Making Agile work in a business
Agile software development techniques have been around since the 1970s and the Agile manifesto was first created in 2001. With this long history, many organizations have grown up using an Agile development approach.
However, if a company does move from Waterfall to Agile, it is usually initiated by the development team and they typically go through major re-tooling and process improvements to enable the shift. In either case, to make Agile work, the development team need close collaboration with customers (or customer proxies) to write and prioritize requirements and to validate that what’s built meets the market requirement. This is where Product Owners and Product Managers play their part – managing requirements, signing off on work done, and answering questions about customers.
But, there is a fundamental clash in many businesses. Agile by its very nature means adapting to change. It is therefore difficult to predict where you’ll get to and by when.
In contrast, to run a business, senior management want to know when a product will be ready, how much it will cost, and how much it will sell. In addition, there are many other parts of an organization that are critical to creating a successful product. These teams, such as procurement, legal, and marketing may be doing activities that have a long lead time. To optimize their workflow, they need to know well in advance what’s needed and by when.
Every business wants to be able to do things more quickly and flexibly (to be agile) but implementing an Agile development methodology is only one part of the answer.
Organizations adopt Agile at different levels and in different ways. Some are born using Agile and some are still experimenting. Some have a small Agile team, others use it for all their development. And, a few have fully embraced an Agile approach across the whole company.
If you listen to some advocates, you could be forgiven for thinking that Agile is a ‘silver bullet’ which can solve all your company’s problems. But every business has deadlines, commitments, constraints, and an established company culture. And most businesses have existing products, customers, processes, infrastructure, and teams.
All this context impacts how Agile can work in an organization.
Agile methods in brief
Scrum – time boxed delivery is the most widespread and popular Agile software development approach. It defines key roles and a project delivery framework that delivers short, time-boxed, incremental, development releases called sprints (see article on page 11).
Each development phase (sprint) runs for a set number of weeks. This limits the scope of what is agreed for delivery during the sprint.
Kanban – capacity based delivery is an alternate to Scrum that optimizes workflow. Whilst Scrum is time-boxed, Kanban limits the amount of work allowed in each stage of a build. For example, imagine a prioritized queue of requirements waiting to go to an ‘In development’ stage of build followed by an ‘In testing’ stage that validates what’s been built. A limited number of requirements are allowed in each stage. Once capacity becomes available then additional tasks are ‘pulled’ from the previous stage. There is no time limit on how long each requirement should take to complete – though, in the interests of agility, each will typically be sized so they can be completed within days or weeks.
Development/test don’t start working on something new if they are already working on an agreed maximum number of requirements.

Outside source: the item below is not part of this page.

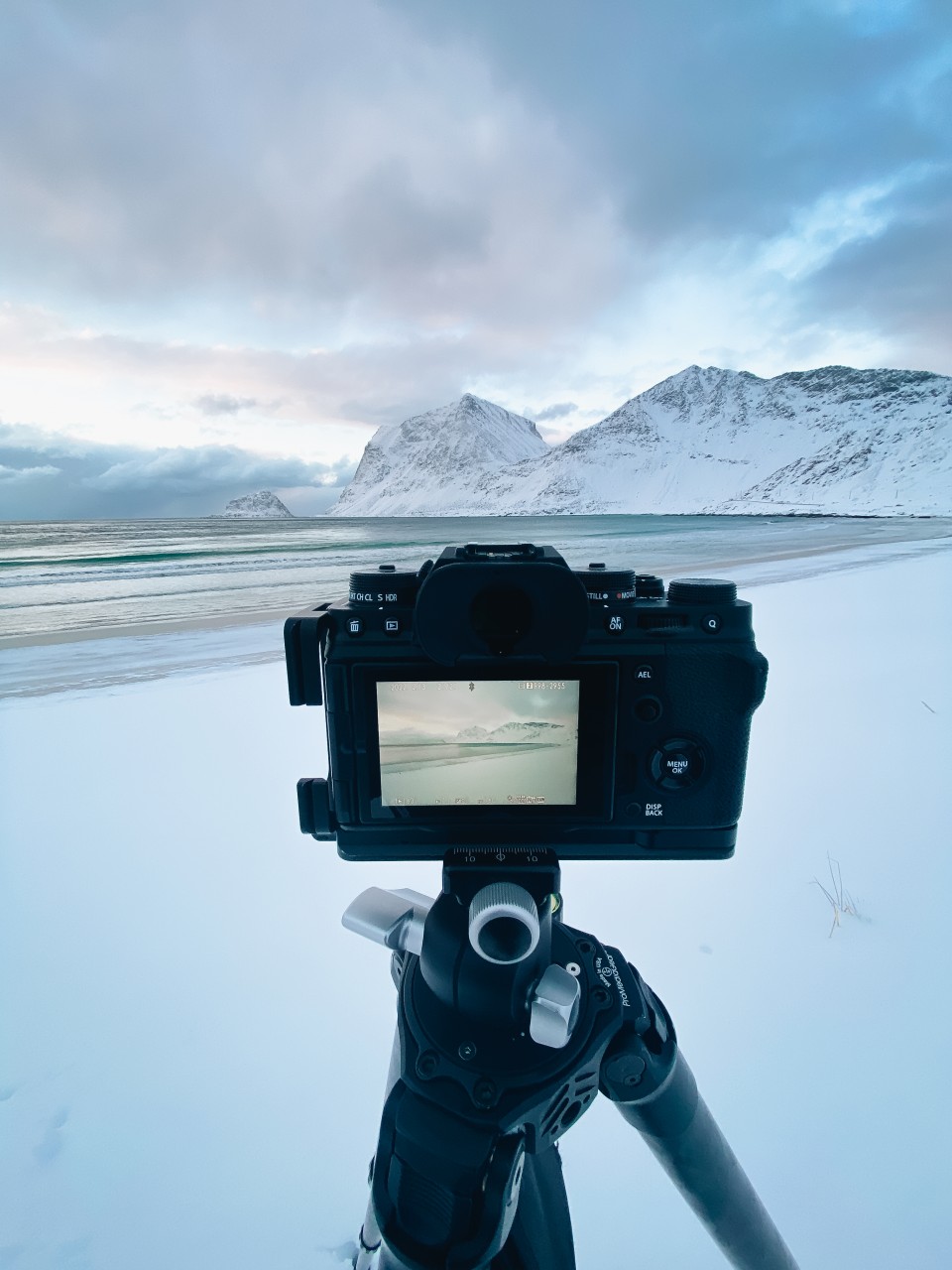 Kamera und Stativ vor einer verschneiten Küste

Dual-track Agile – one team, two tracks refers to a way of working where product discovery (see article on page 23) and product delivery are happening at the same time. Discovery is a continual process that identifies opportunities that can then be validated as the “solution space” is explored with customers. Once ideas have been validated through Discovery they are fed into the Delivery track. So, Discovery fills the work backlog and Delivery empties it.
Explore ideas and run activities to uncover insights into what to deliver. Agile development to quickly get to a product/market fit.